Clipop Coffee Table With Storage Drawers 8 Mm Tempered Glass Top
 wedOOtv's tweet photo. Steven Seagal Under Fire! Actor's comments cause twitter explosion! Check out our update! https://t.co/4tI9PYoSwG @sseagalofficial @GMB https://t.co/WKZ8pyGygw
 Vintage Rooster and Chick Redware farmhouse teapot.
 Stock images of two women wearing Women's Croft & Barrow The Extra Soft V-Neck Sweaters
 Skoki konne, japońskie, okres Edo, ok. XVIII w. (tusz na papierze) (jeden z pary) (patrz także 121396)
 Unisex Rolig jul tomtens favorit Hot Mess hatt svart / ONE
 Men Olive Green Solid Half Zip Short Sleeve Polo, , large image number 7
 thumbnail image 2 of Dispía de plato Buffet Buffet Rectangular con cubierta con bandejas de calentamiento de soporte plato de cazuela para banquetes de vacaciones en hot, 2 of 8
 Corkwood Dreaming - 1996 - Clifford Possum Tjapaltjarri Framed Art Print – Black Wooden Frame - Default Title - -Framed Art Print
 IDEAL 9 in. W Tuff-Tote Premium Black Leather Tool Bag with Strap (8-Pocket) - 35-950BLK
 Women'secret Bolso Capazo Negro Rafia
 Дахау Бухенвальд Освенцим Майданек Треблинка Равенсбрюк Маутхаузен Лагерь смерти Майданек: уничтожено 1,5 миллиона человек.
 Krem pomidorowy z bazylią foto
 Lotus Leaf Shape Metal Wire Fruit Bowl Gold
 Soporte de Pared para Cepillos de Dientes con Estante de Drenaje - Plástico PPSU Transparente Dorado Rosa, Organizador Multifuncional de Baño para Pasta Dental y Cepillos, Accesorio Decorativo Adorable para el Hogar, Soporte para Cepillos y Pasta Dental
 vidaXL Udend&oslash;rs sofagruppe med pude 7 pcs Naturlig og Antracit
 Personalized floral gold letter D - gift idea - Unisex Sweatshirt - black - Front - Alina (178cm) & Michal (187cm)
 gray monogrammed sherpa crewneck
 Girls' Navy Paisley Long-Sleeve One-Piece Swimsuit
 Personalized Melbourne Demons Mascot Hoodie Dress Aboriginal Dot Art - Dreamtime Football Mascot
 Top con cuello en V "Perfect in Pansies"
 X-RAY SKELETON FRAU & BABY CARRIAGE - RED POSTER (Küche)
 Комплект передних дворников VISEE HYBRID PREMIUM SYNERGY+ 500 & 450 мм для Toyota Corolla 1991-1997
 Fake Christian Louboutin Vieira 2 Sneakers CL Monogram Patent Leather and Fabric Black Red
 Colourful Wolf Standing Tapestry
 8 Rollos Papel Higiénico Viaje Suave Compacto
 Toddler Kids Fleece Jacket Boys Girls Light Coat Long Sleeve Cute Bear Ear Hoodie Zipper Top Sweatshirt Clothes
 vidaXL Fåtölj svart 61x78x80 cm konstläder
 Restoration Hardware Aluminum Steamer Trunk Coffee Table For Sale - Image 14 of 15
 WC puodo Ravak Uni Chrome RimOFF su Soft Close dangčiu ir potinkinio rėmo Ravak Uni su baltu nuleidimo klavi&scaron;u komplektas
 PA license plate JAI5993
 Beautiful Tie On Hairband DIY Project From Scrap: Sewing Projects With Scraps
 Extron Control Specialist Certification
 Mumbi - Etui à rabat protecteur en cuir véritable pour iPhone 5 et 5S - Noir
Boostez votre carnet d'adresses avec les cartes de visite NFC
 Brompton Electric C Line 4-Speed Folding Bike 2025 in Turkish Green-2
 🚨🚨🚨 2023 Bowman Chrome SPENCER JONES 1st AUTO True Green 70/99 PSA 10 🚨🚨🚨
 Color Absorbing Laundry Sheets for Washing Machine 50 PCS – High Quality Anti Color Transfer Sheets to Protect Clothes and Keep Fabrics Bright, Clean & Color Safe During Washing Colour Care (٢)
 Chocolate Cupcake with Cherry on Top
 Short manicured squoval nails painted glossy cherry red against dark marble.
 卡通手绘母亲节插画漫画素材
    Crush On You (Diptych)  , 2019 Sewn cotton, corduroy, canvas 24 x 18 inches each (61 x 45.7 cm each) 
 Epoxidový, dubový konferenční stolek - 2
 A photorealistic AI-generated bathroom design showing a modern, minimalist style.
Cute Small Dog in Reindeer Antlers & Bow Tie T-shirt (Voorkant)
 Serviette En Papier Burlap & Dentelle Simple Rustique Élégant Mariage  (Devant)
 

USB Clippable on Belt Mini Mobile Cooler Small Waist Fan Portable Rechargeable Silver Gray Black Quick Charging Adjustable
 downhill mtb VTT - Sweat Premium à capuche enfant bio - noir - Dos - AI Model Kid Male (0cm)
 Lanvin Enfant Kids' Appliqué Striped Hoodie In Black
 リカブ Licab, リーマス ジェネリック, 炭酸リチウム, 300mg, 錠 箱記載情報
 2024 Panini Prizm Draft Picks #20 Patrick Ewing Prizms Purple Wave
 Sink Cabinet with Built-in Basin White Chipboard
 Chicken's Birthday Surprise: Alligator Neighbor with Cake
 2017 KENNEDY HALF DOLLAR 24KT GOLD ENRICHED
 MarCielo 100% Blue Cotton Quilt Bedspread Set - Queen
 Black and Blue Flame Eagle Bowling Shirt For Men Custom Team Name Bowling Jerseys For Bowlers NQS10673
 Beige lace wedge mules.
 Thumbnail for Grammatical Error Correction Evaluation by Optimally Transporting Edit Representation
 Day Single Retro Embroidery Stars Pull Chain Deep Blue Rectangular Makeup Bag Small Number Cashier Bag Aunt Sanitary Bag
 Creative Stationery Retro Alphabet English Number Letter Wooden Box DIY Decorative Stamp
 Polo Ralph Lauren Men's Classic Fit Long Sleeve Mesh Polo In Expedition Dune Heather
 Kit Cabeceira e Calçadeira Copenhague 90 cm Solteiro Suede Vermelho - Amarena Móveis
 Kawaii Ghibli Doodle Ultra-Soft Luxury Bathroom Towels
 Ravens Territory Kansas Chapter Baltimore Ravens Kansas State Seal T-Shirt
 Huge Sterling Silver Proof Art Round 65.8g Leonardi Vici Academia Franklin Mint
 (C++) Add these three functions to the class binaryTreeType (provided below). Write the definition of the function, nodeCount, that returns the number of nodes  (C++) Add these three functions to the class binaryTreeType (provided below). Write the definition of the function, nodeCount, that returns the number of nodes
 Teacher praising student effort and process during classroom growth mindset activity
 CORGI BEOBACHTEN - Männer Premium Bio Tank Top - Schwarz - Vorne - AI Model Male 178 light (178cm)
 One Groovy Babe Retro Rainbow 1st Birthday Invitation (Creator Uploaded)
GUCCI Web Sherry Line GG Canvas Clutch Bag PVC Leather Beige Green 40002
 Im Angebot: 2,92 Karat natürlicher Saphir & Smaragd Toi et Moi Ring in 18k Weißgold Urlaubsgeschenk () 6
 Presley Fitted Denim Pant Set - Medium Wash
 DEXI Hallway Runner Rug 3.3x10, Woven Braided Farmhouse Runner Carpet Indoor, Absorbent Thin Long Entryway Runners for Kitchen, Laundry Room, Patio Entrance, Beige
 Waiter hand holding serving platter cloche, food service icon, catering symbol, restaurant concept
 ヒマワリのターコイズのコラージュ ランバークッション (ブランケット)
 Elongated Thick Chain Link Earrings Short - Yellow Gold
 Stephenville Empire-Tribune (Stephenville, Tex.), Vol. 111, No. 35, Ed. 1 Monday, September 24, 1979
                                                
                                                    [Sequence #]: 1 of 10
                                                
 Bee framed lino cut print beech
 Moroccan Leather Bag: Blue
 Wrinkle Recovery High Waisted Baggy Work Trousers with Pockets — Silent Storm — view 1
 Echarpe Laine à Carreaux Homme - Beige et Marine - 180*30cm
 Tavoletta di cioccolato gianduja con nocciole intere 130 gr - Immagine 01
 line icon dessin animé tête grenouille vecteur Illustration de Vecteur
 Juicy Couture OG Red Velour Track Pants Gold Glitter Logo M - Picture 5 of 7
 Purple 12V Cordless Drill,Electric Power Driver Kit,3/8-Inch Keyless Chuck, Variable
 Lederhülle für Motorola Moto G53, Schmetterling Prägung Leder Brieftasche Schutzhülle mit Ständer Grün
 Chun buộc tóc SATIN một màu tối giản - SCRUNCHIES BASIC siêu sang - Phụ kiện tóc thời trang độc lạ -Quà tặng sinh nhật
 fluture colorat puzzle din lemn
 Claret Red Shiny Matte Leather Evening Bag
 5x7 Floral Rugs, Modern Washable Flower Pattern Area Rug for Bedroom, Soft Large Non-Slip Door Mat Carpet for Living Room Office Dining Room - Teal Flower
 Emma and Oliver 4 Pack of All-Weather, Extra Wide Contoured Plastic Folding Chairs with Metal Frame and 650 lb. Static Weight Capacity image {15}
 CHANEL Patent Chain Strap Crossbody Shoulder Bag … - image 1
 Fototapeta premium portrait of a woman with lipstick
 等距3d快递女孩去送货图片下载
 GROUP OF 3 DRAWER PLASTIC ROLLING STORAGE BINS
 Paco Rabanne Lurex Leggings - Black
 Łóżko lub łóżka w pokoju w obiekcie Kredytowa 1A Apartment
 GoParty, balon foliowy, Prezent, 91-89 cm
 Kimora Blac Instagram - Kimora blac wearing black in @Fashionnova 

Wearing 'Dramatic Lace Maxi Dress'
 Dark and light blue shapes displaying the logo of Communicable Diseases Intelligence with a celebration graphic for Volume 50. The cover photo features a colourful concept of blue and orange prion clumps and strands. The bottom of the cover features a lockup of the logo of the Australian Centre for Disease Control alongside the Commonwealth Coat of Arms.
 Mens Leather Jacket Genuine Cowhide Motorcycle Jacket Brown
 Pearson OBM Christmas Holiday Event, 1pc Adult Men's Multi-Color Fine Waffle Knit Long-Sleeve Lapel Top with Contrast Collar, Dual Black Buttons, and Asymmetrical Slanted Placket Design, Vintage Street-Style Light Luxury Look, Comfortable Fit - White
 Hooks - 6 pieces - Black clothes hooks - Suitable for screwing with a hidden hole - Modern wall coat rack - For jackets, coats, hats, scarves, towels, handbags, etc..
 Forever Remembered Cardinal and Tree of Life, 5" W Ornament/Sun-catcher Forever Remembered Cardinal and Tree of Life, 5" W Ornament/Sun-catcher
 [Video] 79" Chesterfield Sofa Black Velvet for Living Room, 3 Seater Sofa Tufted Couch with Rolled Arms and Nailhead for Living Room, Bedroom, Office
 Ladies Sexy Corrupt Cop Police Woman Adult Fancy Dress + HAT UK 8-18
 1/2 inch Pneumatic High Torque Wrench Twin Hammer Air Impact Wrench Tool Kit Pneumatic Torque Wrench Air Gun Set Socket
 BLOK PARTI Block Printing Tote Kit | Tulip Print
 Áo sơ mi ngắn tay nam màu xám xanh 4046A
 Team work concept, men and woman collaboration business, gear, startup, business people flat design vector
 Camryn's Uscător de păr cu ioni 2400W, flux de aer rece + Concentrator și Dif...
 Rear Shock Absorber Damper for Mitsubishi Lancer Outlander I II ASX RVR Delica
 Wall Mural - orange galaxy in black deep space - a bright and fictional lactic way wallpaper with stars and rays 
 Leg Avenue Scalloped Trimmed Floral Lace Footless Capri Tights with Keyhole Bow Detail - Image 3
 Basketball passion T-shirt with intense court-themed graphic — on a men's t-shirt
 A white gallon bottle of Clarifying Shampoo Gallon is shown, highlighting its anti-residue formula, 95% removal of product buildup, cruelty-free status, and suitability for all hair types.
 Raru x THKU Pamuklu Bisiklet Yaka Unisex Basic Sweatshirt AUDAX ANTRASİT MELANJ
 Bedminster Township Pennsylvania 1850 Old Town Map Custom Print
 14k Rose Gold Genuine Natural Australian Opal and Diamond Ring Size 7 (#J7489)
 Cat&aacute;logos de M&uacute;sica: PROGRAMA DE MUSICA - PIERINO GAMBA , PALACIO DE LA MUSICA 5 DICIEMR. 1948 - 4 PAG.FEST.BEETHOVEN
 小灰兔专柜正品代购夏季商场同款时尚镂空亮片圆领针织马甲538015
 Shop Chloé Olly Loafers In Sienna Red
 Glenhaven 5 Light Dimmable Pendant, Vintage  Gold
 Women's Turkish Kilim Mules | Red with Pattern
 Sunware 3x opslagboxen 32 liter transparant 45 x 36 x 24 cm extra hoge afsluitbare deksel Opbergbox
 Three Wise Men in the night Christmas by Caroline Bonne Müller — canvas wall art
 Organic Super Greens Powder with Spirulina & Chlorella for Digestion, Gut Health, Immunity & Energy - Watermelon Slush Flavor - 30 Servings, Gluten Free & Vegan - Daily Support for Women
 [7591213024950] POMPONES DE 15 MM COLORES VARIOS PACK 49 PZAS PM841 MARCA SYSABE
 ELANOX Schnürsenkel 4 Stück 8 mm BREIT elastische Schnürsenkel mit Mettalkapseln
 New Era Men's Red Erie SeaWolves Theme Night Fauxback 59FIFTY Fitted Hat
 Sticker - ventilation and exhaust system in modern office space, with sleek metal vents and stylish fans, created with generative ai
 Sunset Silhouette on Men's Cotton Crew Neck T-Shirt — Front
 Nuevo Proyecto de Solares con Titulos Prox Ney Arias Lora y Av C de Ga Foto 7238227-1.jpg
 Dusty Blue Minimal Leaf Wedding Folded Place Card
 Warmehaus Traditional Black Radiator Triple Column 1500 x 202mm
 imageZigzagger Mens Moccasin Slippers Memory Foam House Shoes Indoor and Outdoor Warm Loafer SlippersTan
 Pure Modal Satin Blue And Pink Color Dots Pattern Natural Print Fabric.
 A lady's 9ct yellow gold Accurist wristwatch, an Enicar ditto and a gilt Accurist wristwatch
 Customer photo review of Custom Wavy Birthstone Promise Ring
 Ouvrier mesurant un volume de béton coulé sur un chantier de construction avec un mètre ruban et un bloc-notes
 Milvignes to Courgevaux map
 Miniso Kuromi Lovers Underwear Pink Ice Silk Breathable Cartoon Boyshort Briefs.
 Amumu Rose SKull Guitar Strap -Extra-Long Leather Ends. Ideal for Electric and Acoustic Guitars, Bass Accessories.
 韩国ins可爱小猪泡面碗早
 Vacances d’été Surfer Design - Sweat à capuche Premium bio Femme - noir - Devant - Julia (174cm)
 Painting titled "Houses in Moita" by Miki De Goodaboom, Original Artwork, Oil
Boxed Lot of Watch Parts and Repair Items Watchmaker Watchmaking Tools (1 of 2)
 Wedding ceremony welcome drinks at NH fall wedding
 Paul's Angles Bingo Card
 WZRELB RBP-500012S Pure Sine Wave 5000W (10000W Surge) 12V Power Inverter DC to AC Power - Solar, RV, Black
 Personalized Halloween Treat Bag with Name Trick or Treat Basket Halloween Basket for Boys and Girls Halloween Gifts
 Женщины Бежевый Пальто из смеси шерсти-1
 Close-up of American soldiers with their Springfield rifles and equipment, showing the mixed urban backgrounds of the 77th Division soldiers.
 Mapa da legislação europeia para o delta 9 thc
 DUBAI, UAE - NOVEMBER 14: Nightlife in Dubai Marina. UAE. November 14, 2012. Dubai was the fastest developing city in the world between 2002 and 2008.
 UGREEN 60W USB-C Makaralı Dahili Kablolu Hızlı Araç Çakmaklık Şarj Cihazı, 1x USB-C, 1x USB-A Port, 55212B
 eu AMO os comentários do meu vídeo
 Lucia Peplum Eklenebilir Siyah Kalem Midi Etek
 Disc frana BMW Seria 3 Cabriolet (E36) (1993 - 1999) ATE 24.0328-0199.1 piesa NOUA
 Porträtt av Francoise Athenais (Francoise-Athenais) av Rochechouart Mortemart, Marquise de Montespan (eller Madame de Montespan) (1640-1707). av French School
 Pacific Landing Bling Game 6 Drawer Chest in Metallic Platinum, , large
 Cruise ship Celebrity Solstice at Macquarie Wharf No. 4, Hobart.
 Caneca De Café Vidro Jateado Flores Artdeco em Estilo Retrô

§ **Work instructions**
Taking the entries from their first line through the line with "Комплект передних дворников", inclusive, restate each line word for word and give nothing else.

§ **Your response**
Clipop Coffee Table With Storage Drawers 8 Mm Tempered Glass Top
 wedOOtv's tweet photo. Steven Seagal Under Fire! Actor's comments cause twitter explosion! Check out our update! https://t.co/4tI9PYoSwG @sseagalofficial @GMB https://t.co/WKZ8pyGygw
 Vintage Rooster and Chick Redware farmhouse teapot.
 Stock images of two women wearing Women's Croft & Barrow The Extra Soft V-Neck Sweaters
 Skoki konne, japońskie, okres Edo, ok. XVIII w. (tusz na papierze) (jeden z pary) (patrz także 121396)
 Unisex Rolig jul tomtens favorit Hot Mess hatt svart / ONE
 Men Olive Green Solid Half Zip Short Sleeve Polo, , large image number 7
 thumbnail image 2 of Dispía de plato Buffet Buffet Rectangular con cubierta con bandejas de calentamiento de soporte plato de cazuela para banquetes de vacaciones en hot, 2 of 8
 Corkwood Dreaming - 1996 - Clifford Possum Tjapaltjarri Framed Art Print – Black Wooden Frame - Default Title - -Framed Art Print
 IDEAL 9 in. W Tuff-Tote Premium Black Leather Tool Bag with Strap (8-Pocket) - 35-950BLK
 Women'secret Bolso Capazo Negro Rafia
 Дахау Бухенвальд Освенцим Майданек Треблинка Равенсбрюк Маутхаузен Лагерь смерти Майданек: уничтожено 1,5 миллиона человек.
 Krem pomidorowy z bazylią foto
 Lotus Leaf Shape Metal Wire Fruit Bowl Gold
 Soporte de Pared para Cepillos de Dientes con Estante de Drenaje - Plástico PPSU Transparente Dorado Rosa, Organizador Multifuncional de Baño para Pasta Dental y Cepillos, Accesorio Decorativo Adorable para el Hogar, Soporte para Cepillos y Pasta Dental
 vidaXL Udend&oslash;rs sofagruppe med pude 7 pcs Naturlig og Antracit
 Personalized floral gold letter D - gift idea - Unisex Sweatshirt - black - Front - Alina (178cm) & Michal (187cm)
 gray monogrammed sherpa crewneck
 Girls' Navy Paisley Long-Sleeve One-Piece Swimsuit
 Personalized Melbourne Demons Mascot Hoodie Dress Aboriginal Dot Art - Dreamtime Football Mascot
 Top con cuello en V "Perfect in Pansies"
 X-RAY SKELETON FRAU & BABY CARRIAGE - RED POSTER (Küche)
 Комплект передних дворников VISEE HYBRID PREMIUM SYNERGY+ 500 & 450 мм для Toyota Corolla 1991-1997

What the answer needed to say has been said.